Your assignment - Take the lines of the data below from the very first through the line containing "Cow standing in a field" and output them exactly, pictures excluded.

Data for analysis -
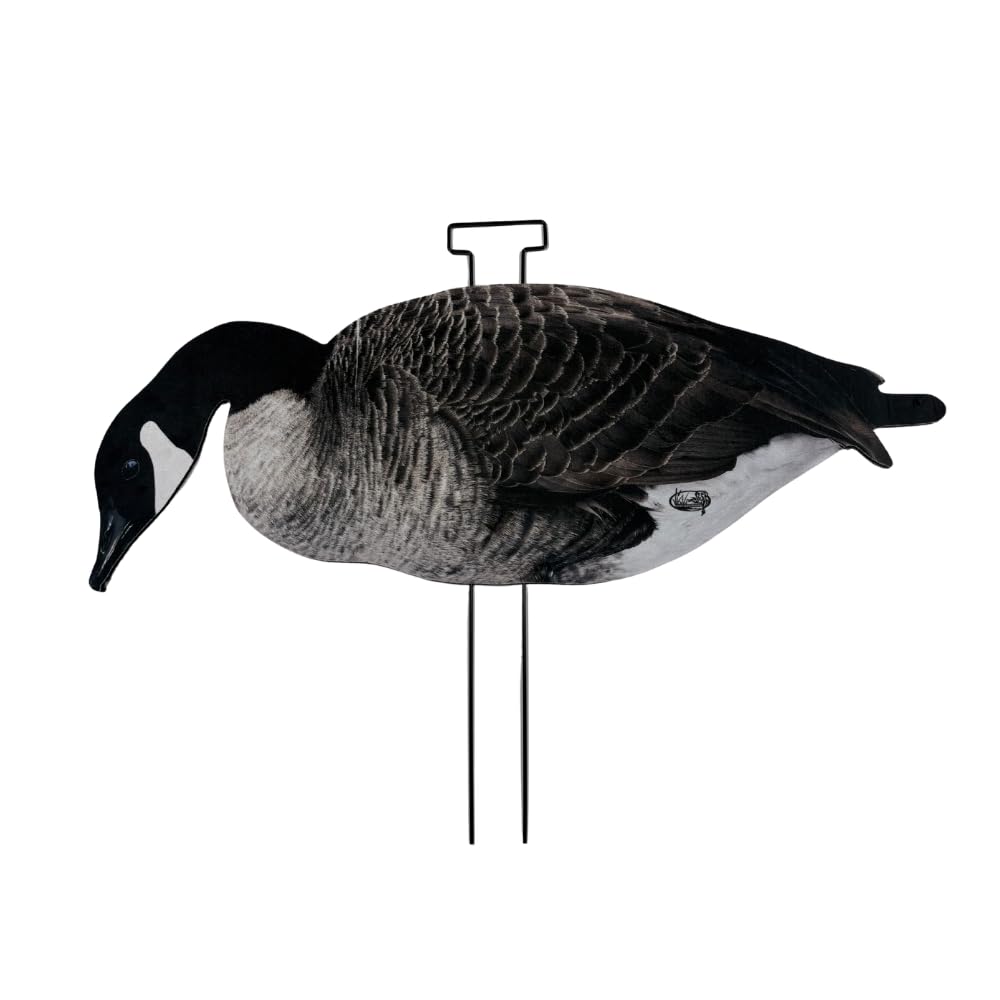 Pro-Flock Señuelos de silueta de ganso de Canadá, 12 señuelos de caza de ganso totalmente flocados con detalles realistas, acabado texturizado, 3 posturas naturales y estacas de campo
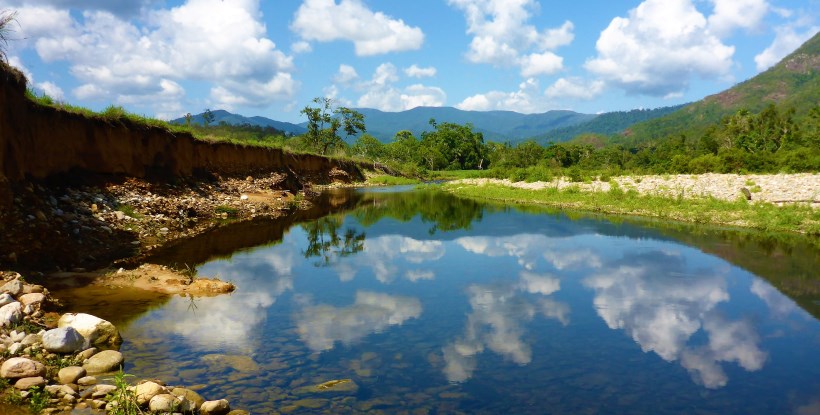 Jason Neilly Queensland | Neilly Group for the environment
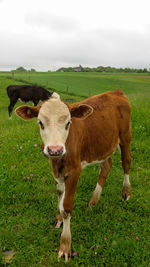 Cow standing in a field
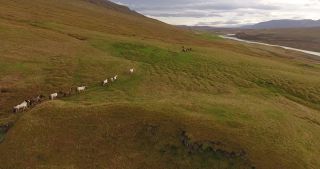 Link zum Video | Landschaft, Island, Skandinavien, Farbe, Europa, Luftaufnahme, Natur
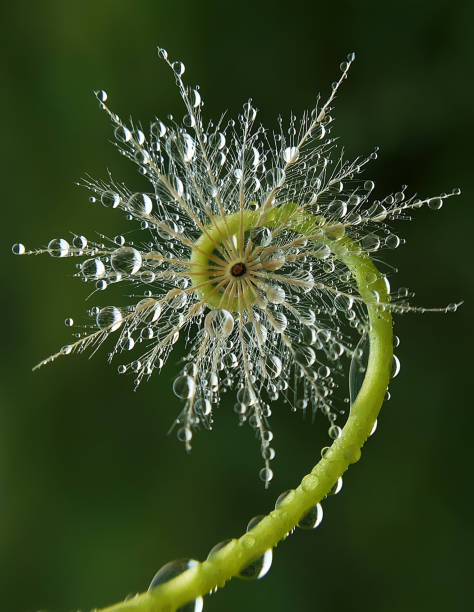 Dew in Part of dandelion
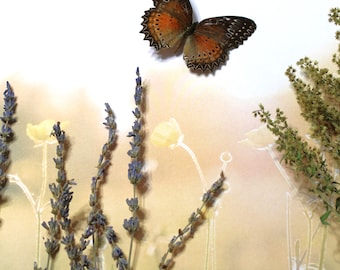 May include: A brown and orange butterfly with black markings is flying over a field of lavender flowers. The flowers are a light purple colour and the background is a soft yellow and orange.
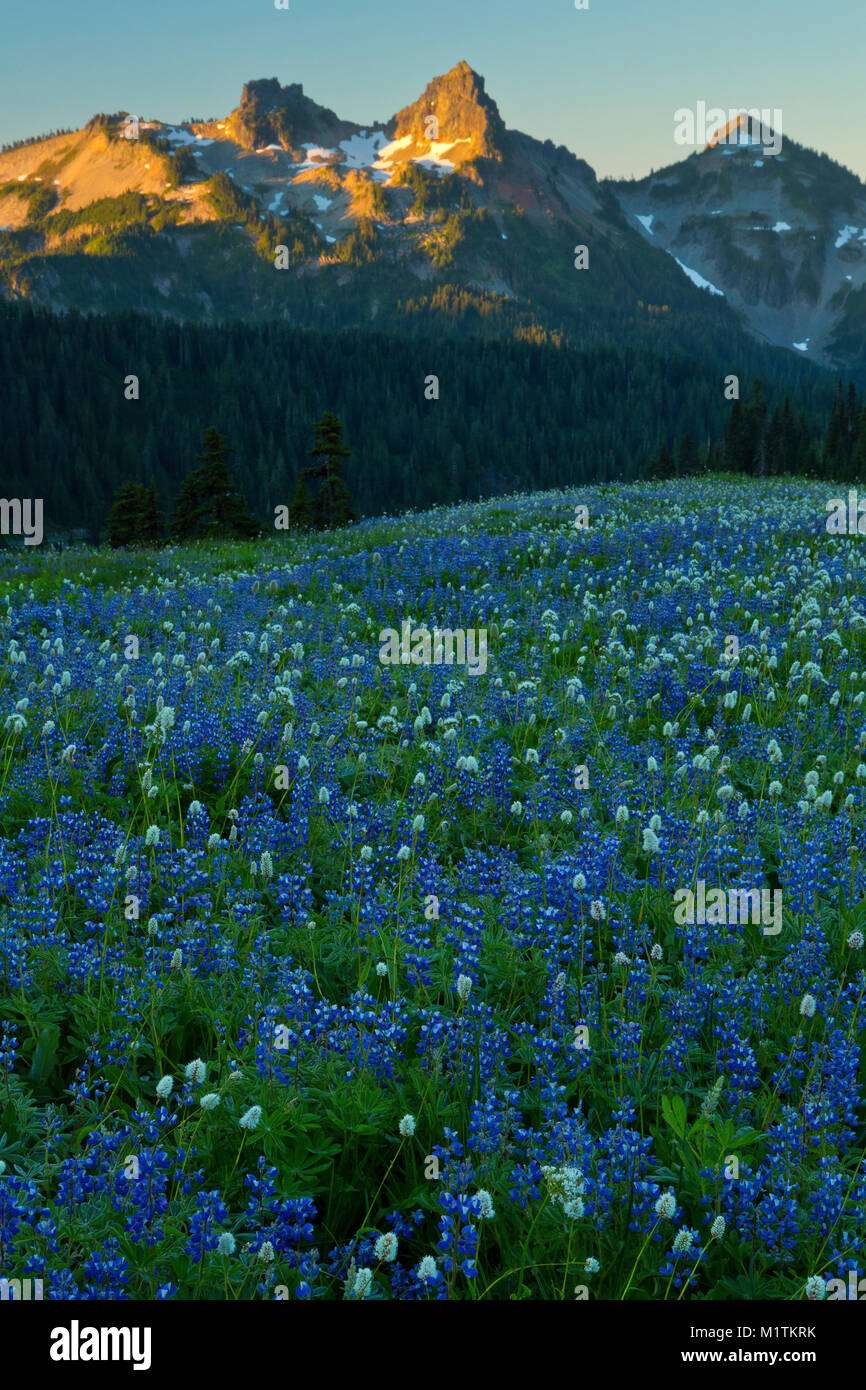 Di lupino, bistort e la valeriana fiorisce in un prato di Paradiso di Mount Rainier National Park in estate con la gamma Tatoosh nella distanza. Washingto Foto Stock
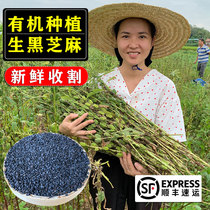 Black Sesame raw farmers produce fresh natural Special Grade disposable in 2021 black sesame hair growth 500g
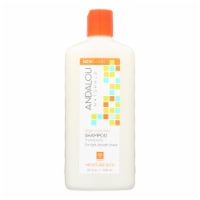 Andalou Naturals Argan Oil & Shea Moisture Rich Shampoo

Answer for the task -
 Pro-Flock Señuelos de silueta de ganso de Canadá, 12 señuelos de caza de ganso totalmente flocados con detalles realistas, acabado texturizado, 3 posturas naturales y estacas de campo
 Jason Neilly Queensland | Neilly Group for the environment
 Cow standing in a field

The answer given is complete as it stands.